Faced with a room full of avid racing fans fighting for their way of life, a county board once again rejected plans for warehouses on the site of the former Palm Beach International Raceway.
Palm Beach County commissioners voted 4-2 Thursday to deny the application from property owner IRG Sports & Entertainment to convert the shuttered racetrack on the Beeline Highway west of Jupiter into a 2.2-million-square-foot warehouse complex.
Like the zoning board before them, commissioners trotted out a litany of reasons but few details to support their decision, an action likely to be challenged in court.

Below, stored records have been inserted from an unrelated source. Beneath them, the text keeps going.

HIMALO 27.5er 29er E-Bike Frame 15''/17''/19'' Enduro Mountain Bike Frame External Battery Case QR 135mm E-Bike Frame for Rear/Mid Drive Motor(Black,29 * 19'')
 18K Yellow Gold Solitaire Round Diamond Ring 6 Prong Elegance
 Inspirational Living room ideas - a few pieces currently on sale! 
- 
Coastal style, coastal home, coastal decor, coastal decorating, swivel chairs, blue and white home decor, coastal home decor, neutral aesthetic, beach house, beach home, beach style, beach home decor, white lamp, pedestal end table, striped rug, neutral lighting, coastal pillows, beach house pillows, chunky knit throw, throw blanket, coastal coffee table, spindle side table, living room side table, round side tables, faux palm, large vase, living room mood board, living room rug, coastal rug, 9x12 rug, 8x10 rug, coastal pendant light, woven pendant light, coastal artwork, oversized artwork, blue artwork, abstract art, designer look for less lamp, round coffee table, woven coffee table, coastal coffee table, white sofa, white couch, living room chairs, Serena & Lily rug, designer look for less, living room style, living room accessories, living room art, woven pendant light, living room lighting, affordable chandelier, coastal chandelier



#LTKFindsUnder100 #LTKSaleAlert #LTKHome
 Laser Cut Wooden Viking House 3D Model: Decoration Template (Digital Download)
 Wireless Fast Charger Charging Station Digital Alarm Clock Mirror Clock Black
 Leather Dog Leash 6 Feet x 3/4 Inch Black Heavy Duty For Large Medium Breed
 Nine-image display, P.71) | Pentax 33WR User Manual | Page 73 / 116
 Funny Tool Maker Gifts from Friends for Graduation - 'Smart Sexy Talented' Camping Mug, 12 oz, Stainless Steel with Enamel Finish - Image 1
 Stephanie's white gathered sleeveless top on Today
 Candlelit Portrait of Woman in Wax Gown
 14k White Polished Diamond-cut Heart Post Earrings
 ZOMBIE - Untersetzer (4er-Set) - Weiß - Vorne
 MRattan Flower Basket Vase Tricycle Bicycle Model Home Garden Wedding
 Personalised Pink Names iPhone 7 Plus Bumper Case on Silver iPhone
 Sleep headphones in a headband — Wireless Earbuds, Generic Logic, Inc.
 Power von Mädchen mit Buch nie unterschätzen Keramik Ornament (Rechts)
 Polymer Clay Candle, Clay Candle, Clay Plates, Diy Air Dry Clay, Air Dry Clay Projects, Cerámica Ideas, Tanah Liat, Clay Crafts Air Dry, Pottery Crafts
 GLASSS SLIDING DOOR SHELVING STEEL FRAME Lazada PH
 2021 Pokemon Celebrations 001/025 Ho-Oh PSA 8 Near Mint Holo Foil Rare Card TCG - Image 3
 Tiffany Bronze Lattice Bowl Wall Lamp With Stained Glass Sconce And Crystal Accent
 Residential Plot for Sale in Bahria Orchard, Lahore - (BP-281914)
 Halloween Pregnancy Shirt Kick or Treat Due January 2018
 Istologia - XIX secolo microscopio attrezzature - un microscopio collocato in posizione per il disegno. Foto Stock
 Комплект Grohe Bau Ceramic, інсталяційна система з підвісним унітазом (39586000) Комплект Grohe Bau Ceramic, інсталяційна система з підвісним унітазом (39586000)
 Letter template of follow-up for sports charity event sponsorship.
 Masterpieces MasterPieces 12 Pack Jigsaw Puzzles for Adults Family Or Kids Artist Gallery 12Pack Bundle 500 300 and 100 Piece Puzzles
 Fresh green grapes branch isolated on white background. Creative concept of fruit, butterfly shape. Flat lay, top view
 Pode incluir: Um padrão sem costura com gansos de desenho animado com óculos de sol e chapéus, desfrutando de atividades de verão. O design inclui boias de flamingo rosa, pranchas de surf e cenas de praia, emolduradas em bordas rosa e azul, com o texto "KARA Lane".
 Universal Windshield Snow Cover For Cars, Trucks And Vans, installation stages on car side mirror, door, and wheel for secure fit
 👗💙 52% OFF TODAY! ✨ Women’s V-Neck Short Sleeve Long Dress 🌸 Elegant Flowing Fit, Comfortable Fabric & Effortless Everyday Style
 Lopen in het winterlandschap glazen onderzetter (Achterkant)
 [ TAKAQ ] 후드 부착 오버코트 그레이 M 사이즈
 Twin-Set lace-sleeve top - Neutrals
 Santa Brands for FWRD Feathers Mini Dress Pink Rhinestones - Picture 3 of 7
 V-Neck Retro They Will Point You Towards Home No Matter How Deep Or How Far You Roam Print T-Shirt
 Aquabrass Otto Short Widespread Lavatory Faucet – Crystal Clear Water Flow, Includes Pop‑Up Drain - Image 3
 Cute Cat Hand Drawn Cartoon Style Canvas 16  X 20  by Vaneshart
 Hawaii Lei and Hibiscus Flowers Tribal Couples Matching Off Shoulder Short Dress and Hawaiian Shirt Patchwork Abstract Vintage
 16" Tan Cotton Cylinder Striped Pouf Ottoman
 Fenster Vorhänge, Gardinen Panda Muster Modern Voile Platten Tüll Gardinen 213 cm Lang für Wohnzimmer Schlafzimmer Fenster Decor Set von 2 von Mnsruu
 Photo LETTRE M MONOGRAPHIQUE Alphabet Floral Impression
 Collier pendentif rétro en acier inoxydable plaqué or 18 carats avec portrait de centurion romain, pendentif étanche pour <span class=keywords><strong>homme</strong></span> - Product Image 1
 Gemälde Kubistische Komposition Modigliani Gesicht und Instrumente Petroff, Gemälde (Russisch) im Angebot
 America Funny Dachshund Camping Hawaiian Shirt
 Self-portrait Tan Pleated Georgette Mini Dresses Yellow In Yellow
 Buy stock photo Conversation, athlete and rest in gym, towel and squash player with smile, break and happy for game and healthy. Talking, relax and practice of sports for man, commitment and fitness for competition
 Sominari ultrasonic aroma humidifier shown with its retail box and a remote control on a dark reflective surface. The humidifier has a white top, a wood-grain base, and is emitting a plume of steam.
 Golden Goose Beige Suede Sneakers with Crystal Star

The vote came after staff advised commissioners that the applicant had proven its case for warehouses under already existing industrial zoning.
But when Commissioner Maria Marino made a motion to approve the applicant’s request, her motion died for lack of a second.
Commissioner Sara Baxter moved denial and added her reasoning only after a 20-minute recess, an important addition as county lawyers warned commissioners that their actions must be based on “competent substantial evidence.”
“The competent substantial evidence Is the traffic, the safety and the changed circumstances,” Baxter said after the recess, without elaboration.
Commissioners Mack Bernard, Maria Sachs and Marci Woodward agreed, while Marino and Commissioner Michael Barnett voted against. Mayor Gregg Weiss was absent.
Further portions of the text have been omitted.